I have a specific type of render job I can run 30 of at the same time before maxing out my system resources. This was tied to specific beefy systems dedicated to this task. I created 30 workers on each of these systems and they would pick up the jobs as they came in (each job represents what could be considered a frame) without issue, never quite maxing out resources or RAM.
I now need to use these systems for other jobs as well at the same time. If any of these workers, while running their 30 tasks, pick up a job of this different type, they’ll max out system resources and bring everything to a halt.
I can do 30 of one type of job, or just one of the other (it will use almost all available resources).
Is there a way to prevent certain job types from starting, if any of another types are currently rendering on a select group of workers?
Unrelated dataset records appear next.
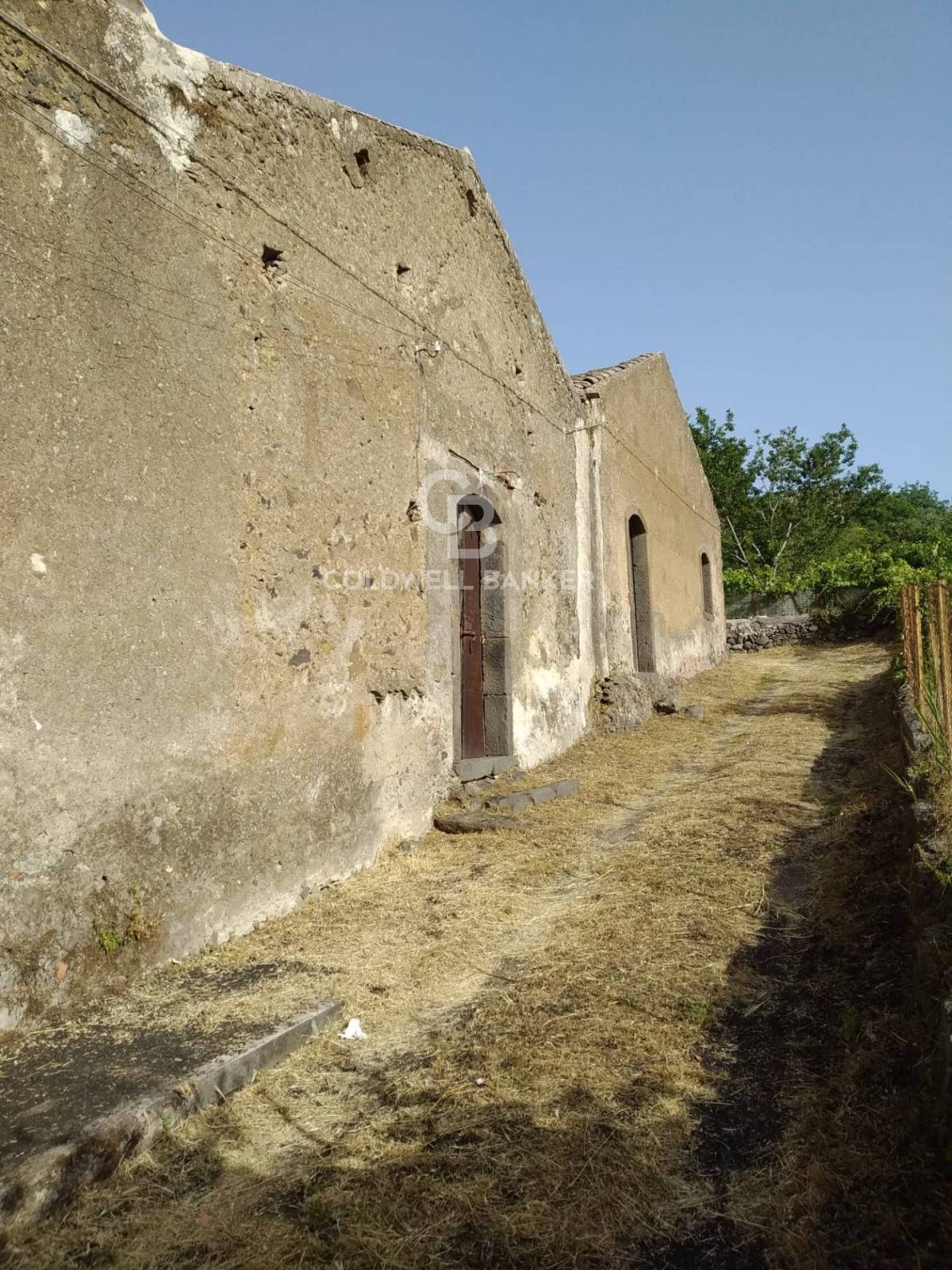 Magazzino in vendita a Giarre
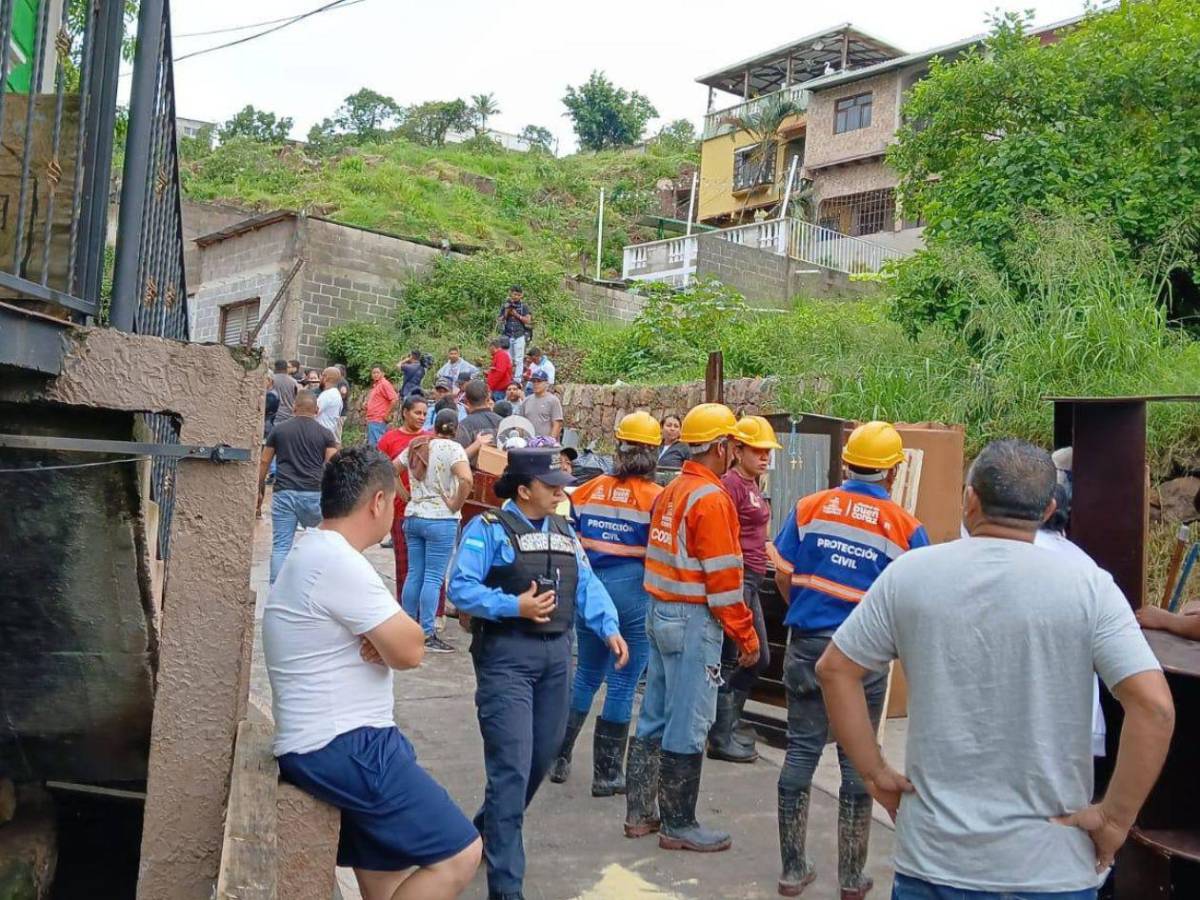 Lo perdimos todo: familias evacuadas tras derrumbes en Tegucigalpa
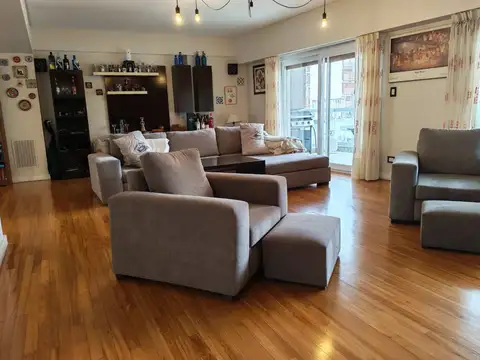 Departamento 5 ambientes con 3 baños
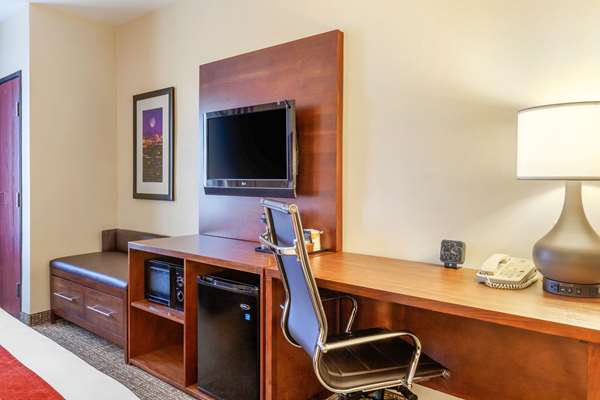 Suite - Comfort Suites Glendale - I-10, Exit 133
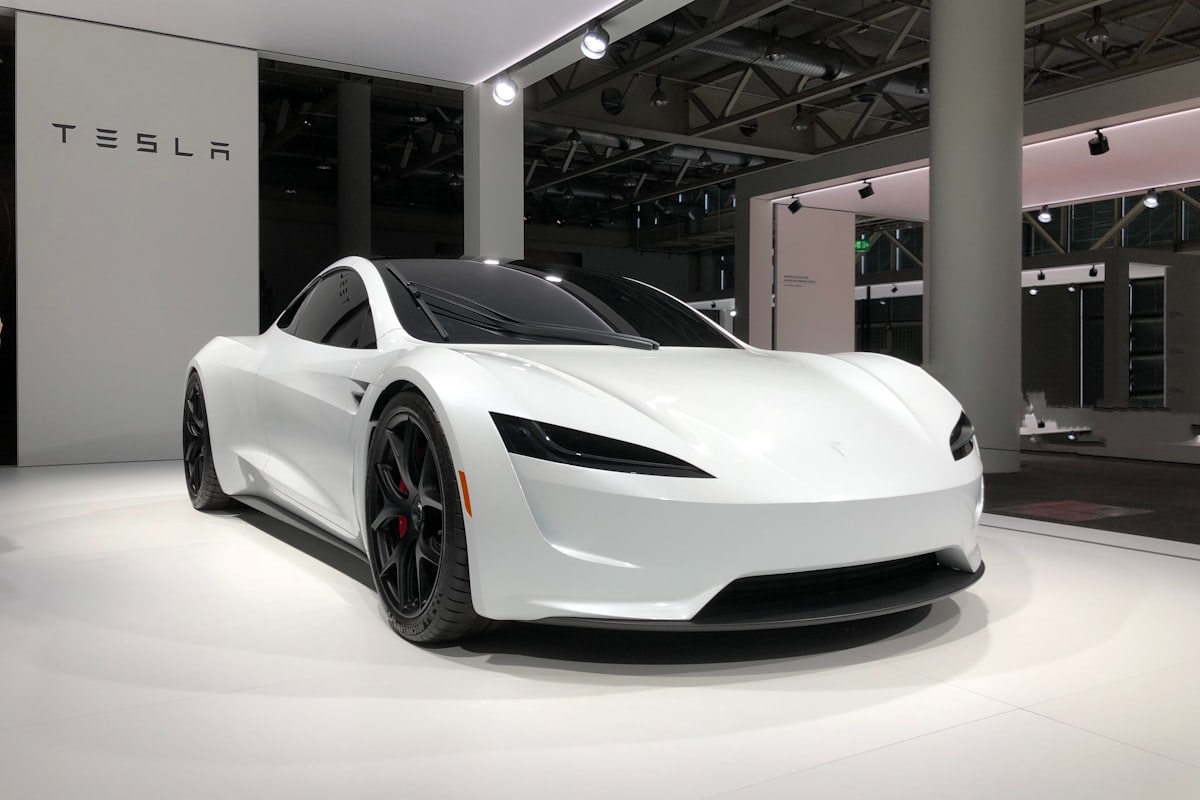 2022 Tesla Model S Plaid — photo 2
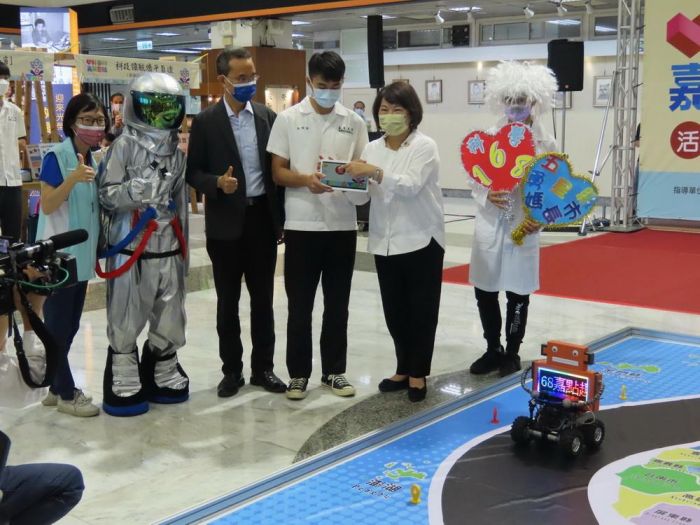 嘉市「愛科學168．嘉點趣味」市長黃敏惠按啟動鈕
I’m thinking Resource Limits could be the way?
I thought I could convert my 30 jobs into a single job, set to 30 concurrent tasks at a time, and limit that worker to one job at a time. (But it seems the max number of concurrent tasks is limited to 16. Is there a way to set this higher?
If I didn’t know you need more than 16 I’d say that concurrent tasks on your tiny task job will take care of your issues. However I’m not quite sure how to square this particular circle without getting excessively janky. Dynamically starting and stopping Workers tends to create issues.
If possible, I’d look into doubling the resources used by the tiny tasks, so the concurrent task limit of 16 works for you. If that’s not possible I’ll come back if I’ve got a better idea!
Unfortunately with the way the job works I can’t double the resources sadly, limited to a single “frame” per task. I could potentially start creating small task jobs for each set of 16 tasks… but then I’m losing out on the concurrency gains by half if I’m limiting the now single worker to one job at a time.
There’s no way to override this arbitrary 16 concurrent task limit?
Sorry, 16 is the hardcoded maximum for concurrent tasks no override possible.
I don’t suppose two Workers on the machine would be okay? Or does the ‘big’ job really choke out the whole system?
Given concurrent tasks aren’t enough, Deadline doesn’t have tools to deal with this sort of setup well. It is possible to enable and disable Workers, but if that happens while a task is in-progress it’ll create an error on the job.